Greg Zephier, Mato’s dad, spent most of the ‘60s and early ‘70s playing in a Native blues band called the Vanishing Americans. It was his collection of Santana, Hendrix, Buddy Guy, and B. B. and Albert King records that Mato turned to for inspiration. When Mato started playing guitar his brother Pte picked up his father’s bass, his sister Wanbdi chose the drum kit and their cousin Horse joined in on congas, later adding other world percussion instruments. The quartet spent five years wood shedding in the Zephier basement in South Dakota and once they began playing live gigs, the rave reviews poured in, especially for Mato’s blazing guitar style. Not too bad for a kid that learned how to play listening to records.

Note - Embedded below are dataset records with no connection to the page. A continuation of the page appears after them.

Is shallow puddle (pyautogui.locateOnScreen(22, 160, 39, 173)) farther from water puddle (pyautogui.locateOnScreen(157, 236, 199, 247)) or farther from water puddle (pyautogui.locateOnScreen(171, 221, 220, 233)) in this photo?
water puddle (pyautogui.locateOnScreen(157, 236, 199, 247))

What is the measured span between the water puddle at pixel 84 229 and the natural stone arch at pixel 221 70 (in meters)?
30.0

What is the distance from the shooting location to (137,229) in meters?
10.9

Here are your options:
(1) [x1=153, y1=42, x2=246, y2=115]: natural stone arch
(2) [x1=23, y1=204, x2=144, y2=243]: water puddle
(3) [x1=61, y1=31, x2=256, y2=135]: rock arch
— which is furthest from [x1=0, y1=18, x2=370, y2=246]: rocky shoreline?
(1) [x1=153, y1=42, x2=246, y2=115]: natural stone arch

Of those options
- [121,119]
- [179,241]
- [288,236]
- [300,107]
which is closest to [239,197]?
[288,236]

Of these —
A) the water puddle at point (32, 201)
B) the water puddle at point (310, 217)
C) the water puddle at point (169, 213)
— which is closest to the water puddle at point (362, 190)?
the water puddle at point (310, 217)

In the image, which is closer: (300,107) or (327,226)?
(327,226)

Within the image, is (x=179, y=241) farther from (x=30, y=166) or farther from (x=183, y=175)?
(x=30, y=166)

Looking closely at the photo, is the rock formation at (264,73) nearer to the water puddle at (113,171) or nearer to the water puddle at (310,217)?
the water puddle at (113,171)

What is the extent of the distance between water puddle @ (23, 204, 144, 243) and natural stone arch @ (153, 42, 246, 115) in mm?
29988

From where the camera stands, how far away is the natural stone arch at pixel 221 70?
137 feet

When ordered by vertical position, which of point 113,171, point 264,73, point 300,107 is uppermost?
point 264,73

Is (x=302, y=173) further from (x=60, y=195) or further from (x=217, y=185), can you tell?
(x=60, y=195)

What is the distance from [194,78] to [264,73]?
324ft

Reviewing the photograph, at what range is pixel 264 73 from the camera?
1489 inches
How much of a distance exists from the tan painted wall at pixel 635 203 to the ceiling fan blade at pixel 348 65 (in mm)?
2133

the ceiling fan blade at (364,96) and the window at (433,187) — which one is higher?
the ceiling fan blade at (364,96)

Early gigs included the second Clinton inauguration ball and dates with Jackson Brown, Keb’Mo’ and the Indigo Girls. They released three self produced cassettes, including Live Blues From the Sky recorded through the soundboard of PBS station NET in Lincoln, Nebraska. Indigenous took the tapes to Pachyderm Studios, where studio heads Jim Nichol and Mason Munoz signed them to a deal and released Things We Do. Chris Eyre, the Indian director of Smoke Signals shot a video for “Things We Do” which help the band’s leap to the mainstream.

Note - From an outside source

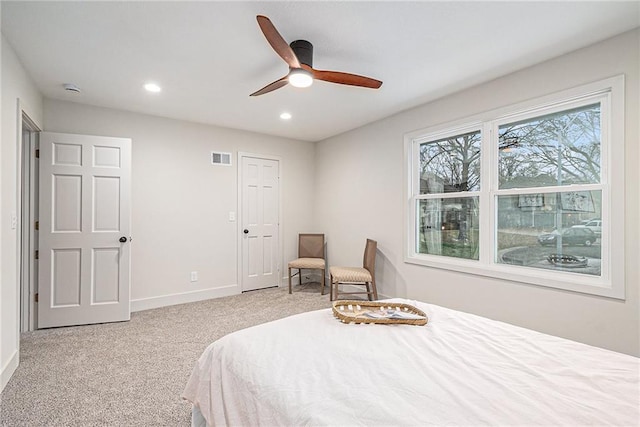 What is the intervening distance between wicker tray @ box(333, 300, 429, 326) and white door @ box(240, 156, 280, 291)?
3056 mm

Their second album, Live at Pachyderm Studios (1999 Pachyderm) showed a quantum leap in the band’s abilities, with a smoking cover of Hendrix’s “Red House.” Circle (2000 Pachyderm) was #1 on the Billboard Blues Chart for four months after its release, and led to a major label deal with Jive and the eponymous Indigenous (2003 Jive). The band jumped back to the indie scene with Chasing The Sun (2006 Vanguard.) It used studio musicians in place of Pte and Wanbdi and with only Mato’s face on the cover, some thought he’d “gone solo.” Not so. On Long Way Home (2005 Indigenous) the band has become a power trio, leaning a more to the rock than the blues side, but still churning out powerhouse riffs with Mato’s impressive vocals delivering a solid, soulful punch.